Marr describes how before his life-threatening stroke he was driven, selfish and egotistical, and is now exploring ways to become more empathetic and understanding.

Having a brush with death may not always be the best way to learn new ways of behaving, but for someone as aggressively macho as Marr seems to have been, it may have been the only solution.

But the recent high-profile cases of macho posturing on social networking sites show how far we still need to go to create a positive masculine role model.

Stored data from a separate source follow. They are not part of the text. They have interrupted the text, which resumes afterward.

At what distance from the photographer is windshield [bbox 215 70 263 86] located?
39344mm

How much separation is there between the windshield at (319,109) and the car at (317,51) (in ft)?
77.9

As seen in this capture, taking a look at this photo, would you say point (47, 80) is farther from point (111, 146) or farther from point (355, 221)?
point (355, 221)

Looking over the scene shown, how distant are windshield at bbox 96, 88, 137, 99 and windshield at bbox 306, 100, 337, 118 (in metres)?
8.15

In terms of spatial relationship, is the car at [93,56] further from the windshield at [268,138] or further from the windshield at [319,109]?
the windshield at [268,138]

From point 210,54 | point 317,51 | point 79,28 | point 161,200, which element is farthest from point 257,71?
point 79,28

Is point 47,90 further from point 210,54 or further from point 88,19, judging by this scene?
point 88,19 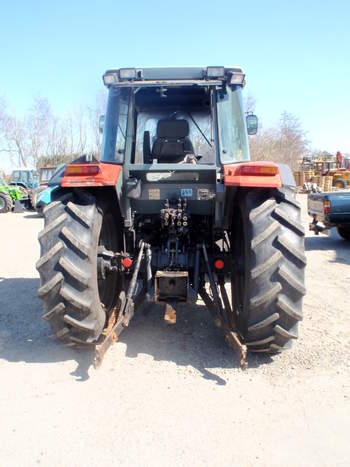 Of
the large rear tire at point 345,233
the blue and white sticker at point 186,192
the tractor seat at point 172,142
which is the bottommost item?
the large rear tire at point 345,233

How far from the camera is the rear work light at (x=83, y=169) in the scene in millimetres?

Meanwhile, I recommend reading Robert Bly – he’s a great writer who is well worth exploring by both sexes trying to understand the other.

(Dr) Mary Brown

Banchory

Professor Polly Arnold – now Crum Brown chair of chemistry at Edinburgh University, has issued “a call to arms”. Her project, “A Chemical Imbalance” aims to work for a greater recognition of the role women have taken in science and will take in the future.

The original 19th-century Prof Crum Brown will hopefully be spinning in his grave, being stolidly opposed, in his day, to allowing women into his lectures. Myself, I’m delighted that Prof Arnold is taking up the cudgels to help take Scotland towards a more equal society, though sad that by her estimate it could take us perhaps 70 more years to achieve a gender balance.

In my own sphere, primary science education, I still see barriers to girls being able to achieve and one of these has been the lack of visible female role models in science.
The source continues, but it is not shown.